Оркестр разворачивает всю свою нечеловеческую мощь только после того, как замолкает солист. Все самое важное происходит в извивах и полутонах, еле намеченных движениях и едва прописанных тенях мелодий; голос (особенно когда один, потому что хоровое мужское пение тоже образует плотное, материально ощутимое музыкальное облако) выполняет здесь функцию овнешнения и огрубления содержания, голос здесь — ороговевшая, окаменевшая интенция, гипсовый слепок мысли, которая ускользает, как угорь, — снова уходит под воду, чтобы выскочить наружу, пока чужой человек молчит. Так происходит и в финале первой части, где мощные круговороты, схожие с течением Гольфстрима, возносят звучание на недосягаемую высоту, чтобы потом, едва ли не мгновенно, обрушить его себе под ноги.
Вторая часть — “Юмор” — оказывается еще более иллюстративной, потому что Шостакович спускается со своих заземных, космогонических высот в толщу народной смеховой. Типичное мизантропическое ёрничанье и передергивание, знакомое нам по первым симфониям, впрочем, выровненное стремительным звучанием скрипичных, которые к середине звучания эпизода догоняют духовые, скрипящие, зудящие, разнузданные и нечеловечески упрямые.

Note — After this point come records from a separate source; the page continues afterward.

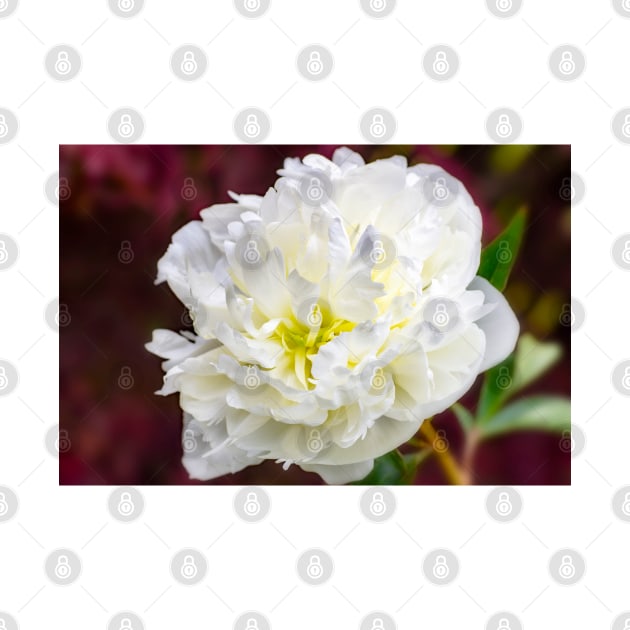 White Peony by JeanKellyPhoto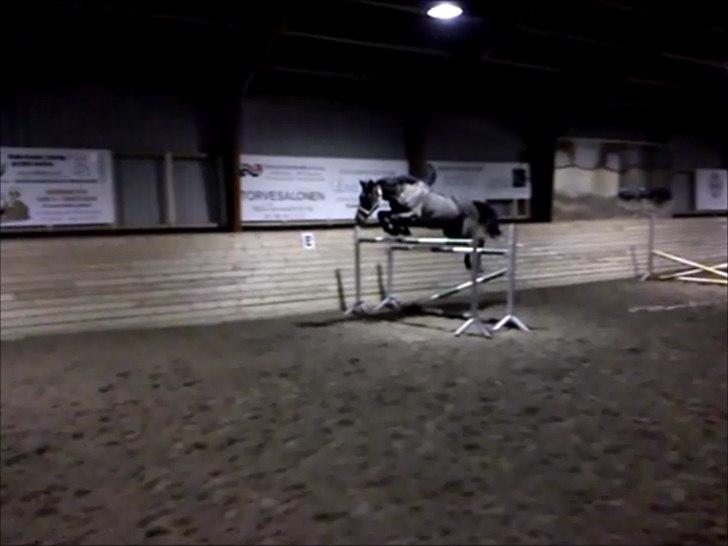 Dansk Varmblod Gipsy Birkely *SOLGT* - Let og elegant over 1.50 m. billede 8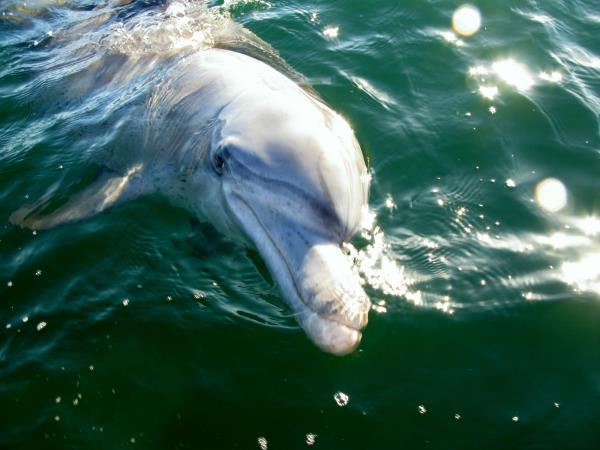 Western Australia wildlife vacation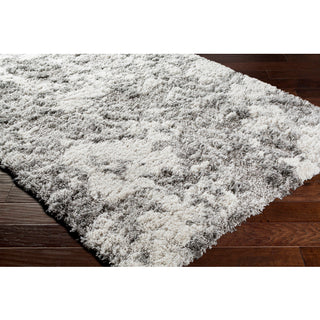 Surya Alta Shag ASG-2304 Area Rug by Artistic Weavers On Wood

Литературная основа в Тринадцатой служит вскрытием приема: Шостаковичу и в самом деле все равно о чем — Бабий Яр, юмор или судьба женщины из очереди, главное — процесс, а не результат; само течение, движение, проистекание, как и положено в классическом модернизме. Мы видим, как могут расходиться и расходятся декларации о намерениях и сами намерения (то есть музыка). Кларнет высвистывает ехидную трель, ее тут же поддерживают стройные мужские голоса, вокруг которых вьются бубенчики, барабаны, трещотки и прочая мелкая нечисть.